== About this task ==
Please return the data word for word and leave out any picture it contains.

== Data extract ==
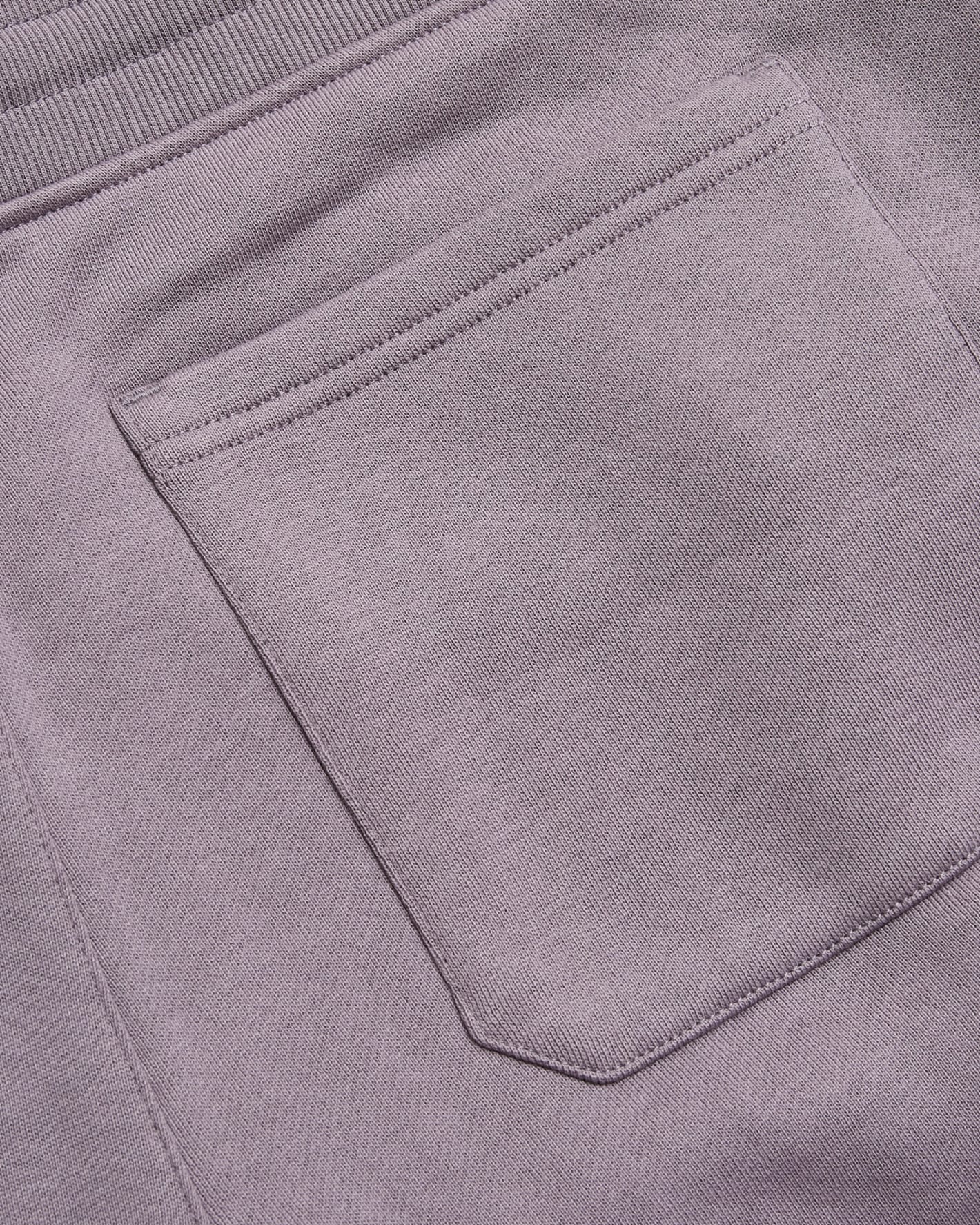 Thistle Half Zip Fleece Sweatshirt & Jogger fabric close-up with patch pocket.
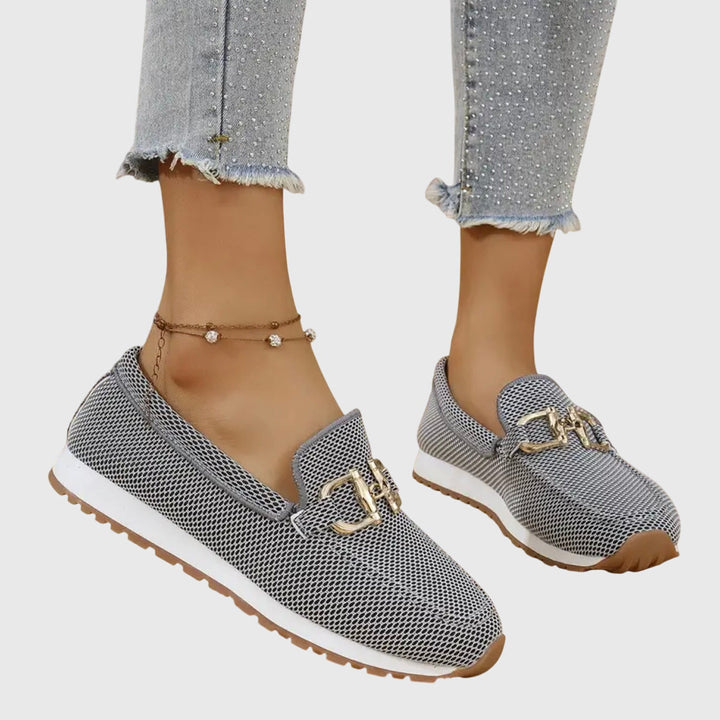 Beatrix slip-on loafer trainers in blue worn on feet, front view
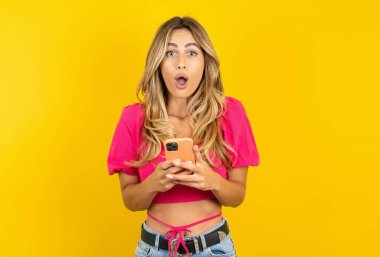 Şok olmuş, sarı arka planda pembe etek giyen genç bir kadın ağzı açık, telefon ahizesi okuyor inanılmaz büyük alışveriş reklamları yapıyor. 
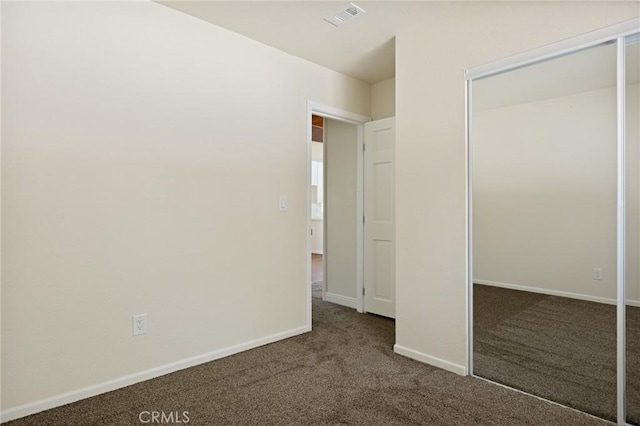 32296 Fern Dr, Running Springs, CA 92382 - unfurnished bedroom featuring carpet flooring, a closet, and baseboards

== Task response ==
 Thistle Half Zip Fleece Sweatshirt & Jogger fabric close-up with patch pocket.
 Beatrix slip-on loafer trainers in blue worn on feet, front view
 Şok olmuş, sarı arka planda pembe etek giyen genç bir kadın ağzı açık, telefon ahizesi okuyor inanılmaz büyük alışveriş reklamları yapıyor. 
 32296 Fern Dr, Running Springs, CA 92382 - unfurnished bedroom featuring carpet flooring, a closet, and baseboards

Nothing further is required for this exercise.